Members of the Glór Dhún Geimhin group that attended the Lá Dearg protest in Belfast.
Hundreds of people from Irish speaking families, community groups, GAA teams and sports clubs across County Derry joined a colourful and vibrant march through Belfast City Centre at the weekend demanding immediate implementation of an Irish language Act.
The event labelled “An Lá Dearg” left from Cultúrlann McAdam Ó Fiaich and walked to Belfast City Hall where speakers and singers called for equality and recognition for the Irish language here in the form of strong, rights-based legislation as promised at St Andrews in 2006.
Among those taking part was Clíondhna Ní Mhianáin, from Carntogher, Slaughtneil.
The teenager was only 11 when she took part in her first Lá Dearg in 2014, demanding a new secondary school in south Derry.
In 2017 she marched again and on Saturday she took time out of her A-Level preparations to address the crowd in Belfast.
“As a young Irish speaker I have seen first hand the transformative impact our community can have when we organise and challenge this state on their dismal record on language rights,” said Clíondhna.
“They told us in 2014 we couldn’t have a secondary school in Derry so we took to the streets. Our public campaign succeeded and in 2015 we opened Gaelcholáiste Dhoire with 13 students.
"Now almost 300 students have come through our doors, and as a member of the first year group, I am now finishing my journey.
"None of that would have been possible without a community campaign for equality and rights, without Irish speakers demanding better, demanding an Irish language Act.
"Now it’s time for our generation to play our part, to organise and demand a society that not only recognises us, but celebrates our native language as a central part of our diverse society and provides space for us to flourish.
"We now have a community of young, confident and educated Irish speakers standing up to protect and promote an Ghaeilge, and we won’t take ‘no’ for an answer.”
Also in attendance was Aontú Representative for East Derry Gemma Brolly who spoke about the importance of Lá Dearg.
“On 21st May 200, the Irish language Community took over the city of Belfast” explained Mrs Brolly.
“More than 17,000 people walked together “red with anger” that the legislation which was promised over 20 years ago is still not in place.
"We heard promise after promise, deadline after deadline and yet we are still waiting. We are waiting on an Irish Language Act, on our human rights and respect.
"Respect so that we can speak our native language in our own country without being mocked or receiving bad manners, so that we can access services through Irish, so that when a child attending an Irish medium school is never without access to resources or support just because they are not educated solely through English.
"We only seek equality, like other countries, such as Wales.”
Gemma continues: “There is an image out there which suits the agenda of some that the Irish language is not for everyone however there is a great deal of evidence to suggest the complete opposite.

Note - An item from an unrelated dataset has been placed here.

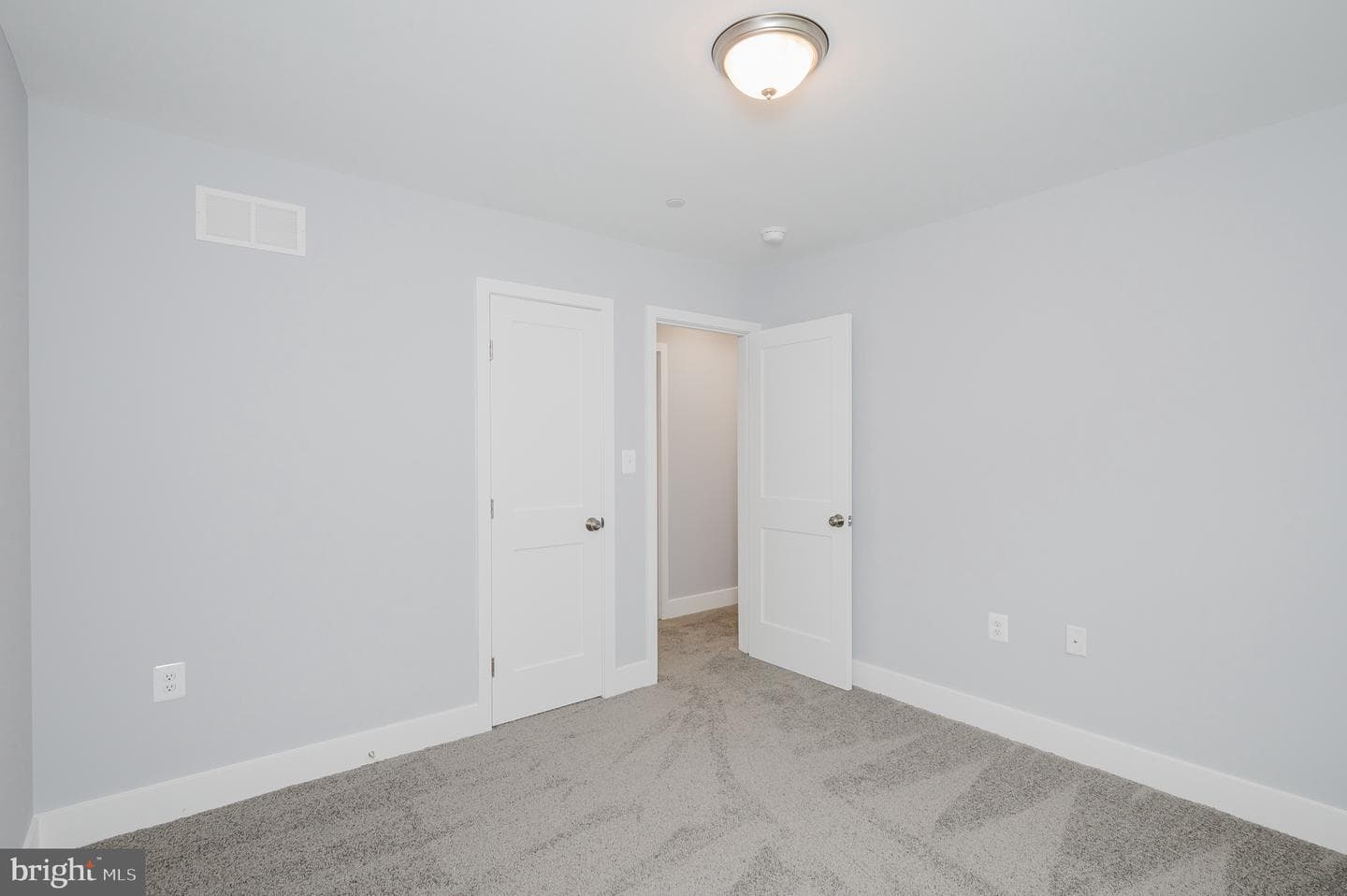 1620 Chestnut Street photo 35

The Irish language is for everyone, everyone wishing to learn, hear or speak it. There is of course absolutely no pressure to do so, neither will there be.”
Describing her own experience, she explains: “I began my Irish language journey as a secondary level pupil at Loreto College, Coleraine and to be honest, I believe I would not be where I am today had I not had the opportunity to go to the Gaeltacht – where my love and capabilities grew aside school.

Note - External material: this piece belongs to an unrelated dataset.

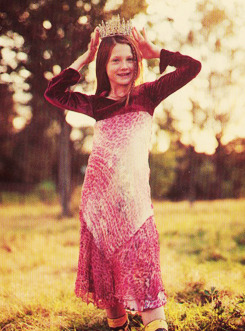   Happy 21st Birthday, Bonnie Wright!  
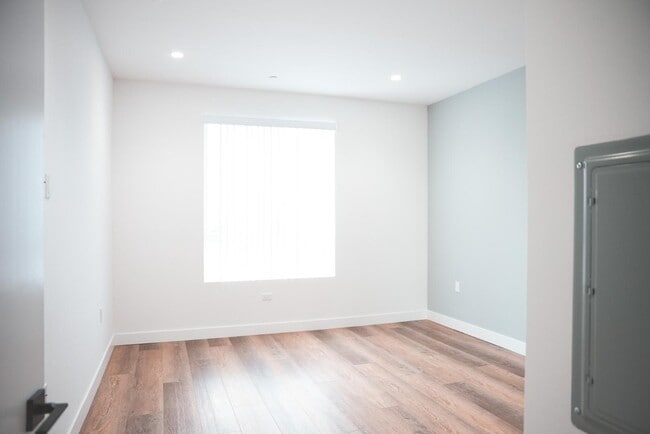 Photo - 8940 Reseda Blvd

"Today however, not every pupil is able to study Irish for GCSE or A-level and receive financial support to assist them in going to the Gaeltacht with schemes such as Líofa.
"This is down to nothing more than bigotry instead of opportunities, opportunities to develop skills and knowledge, to develop relationships and to develop bilingualism.”
“On the other hand” she states, “my own children now attend a Gaelscoil and are part of 'Carntogher' community. My daughters walked with me 5 years ago at Lá Dearg and they walked with me again at the weekend.
"It was a great day, full of positive, determined energy that we stand together always and that we will have equality. We stood proudly listening to the different people on the stage speaking at City Hall, they listened to a past pupil of mine with stars in their eyes, full of inspiration and pride.
"They learned that when something is not right or fair that they should stand and speak out against it, that they must be brave and take a stand.”
Mrs Brolly concluded: “There is so much happening at the minute and I have heard the question put again and again-is Irish language legislation more important than this, this or this? This frustrates me greatly.
“No-one ever made you choose between education and health, or between a house or a job, why are people placing Irish language legislation in this ridiculous scenario?
"There are many issues to be worked on and improved but this is about principle-if you make promises, you must fulfil them as soon as possible; everyone deserves their human rights, regardless of colour, creed or language; if you are not happy, if you do not agree with something, do not sit back waiting on someone to speak or act on your behalf, stand proud and tall and speak out!
"That is exactly what over 17,000 people did at the weekend, red with anger and we will not stop until we, the Irish language community have equality.”